NimCity contains objects for people and objects for places. The simulation generates as many people objects as the user inputs. These objects--'households', 'developers', and 'council'--call methods on the place objects in pursuit of their own economic self-interest. The place objects are 'districts', 'blocks', 'residences', and 'units.'D Developers 'build' these buildings; councils 'zone' them; households 'move into' and 'out of' them.

NimCity does not contain any actual 'space' or geographical data. Its objects understand the space they occupy as floating point numbers. They are attached to each other as attributes. If the simulation were a 'space', its objects' attachments to each other would give it a structure like this:

Households in units, units in residences, residences on blocks, blocks in districts, districts in the simulation.
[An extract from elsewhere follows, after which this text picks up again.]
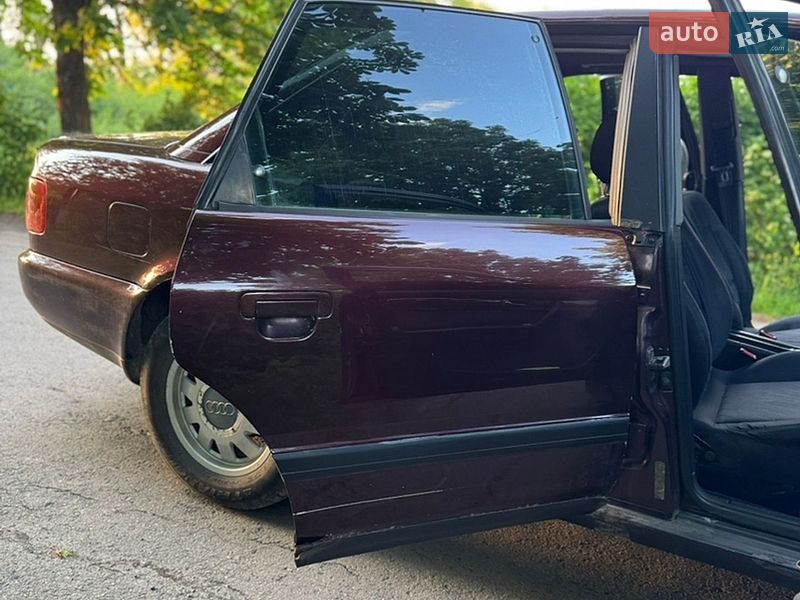 Седан Audi 100 1993 в Івано-Франківську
A demand algorithm simulates the effect of supply and demand on the cost of housing over time. When households seek more units of housing at a given price point than are available, the percentage of households who didn't get what they wanted becomes a price 'spike.' The value they could have afforded becomes a 'ceiling.' All units of housing below the 'ceiling' get their price increased as a function of the 'spike.'

Over time, this may cause the price of housing to depart from the expected exponential trend of inflation.

(The simulation does not contain an algorithm to reduce price in a scenario of over-supply.)
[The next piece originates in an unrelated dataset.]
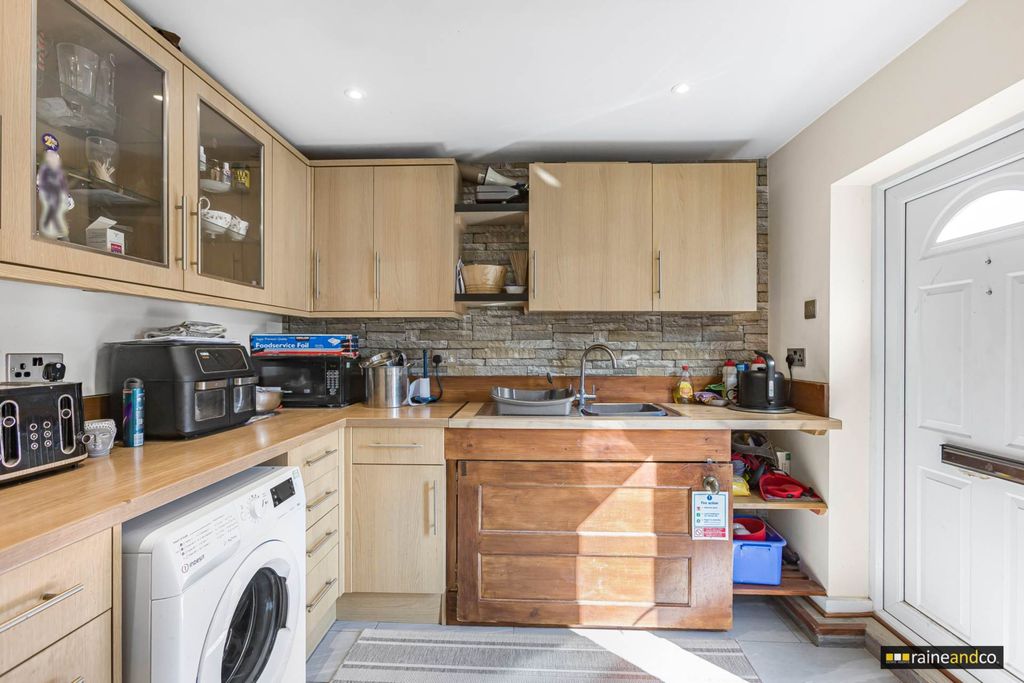 Property photo 2 of 46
When you instantiate the simulation with the specified hyperparameters, it builds out the city and populates it with the first round of households. You may then run it for as many time steps as you like. Time steps are assumed to be 'years.' Shorter time steps would be possible but would require adjustments to some of the constants, e.g. annual inflation.
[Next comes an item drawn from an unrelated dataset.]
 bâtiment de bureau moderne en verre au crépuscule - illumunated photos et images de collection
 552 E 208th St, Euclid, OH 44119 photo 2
'Time' passes in a turn-based way in the simulation. At each time step, new households arrive, new buildings are constructed, old buildings are knocked down, households who can no longer afford their unit move out, and prices respond to demand.

To run the simulation with around half a million households and half a million housing units for 40 years takes about 2 minutes.

Objects accumulate personal histories as each time step passes. Each object has lists to record the other objects it was attached to and any numerical attributes, like value for a unit or spending power for a household.

At the end of the simulation, the user may create a History object with the simulation passed to it as a parameter. The History object will take about the same amount of time to instantiate as the simulation took to run. THe history object uses a set of list comprehensions to crunch the loose unstructured data that accumulated during the simulation into tabular data. The user may extract and analyze the tabular data.

The user may also access objects from the simulation object using the list structure above. E.g. the first unit from the first time step would be sim.units[-1][0]. If that unit were assigned to the variable test_unit, you could follow the structure all the way up to see what district that unit lived in at a given time step, e.g. test_unit.housed[-1].residence.block.district would return the district object that that unit was in at the last time step.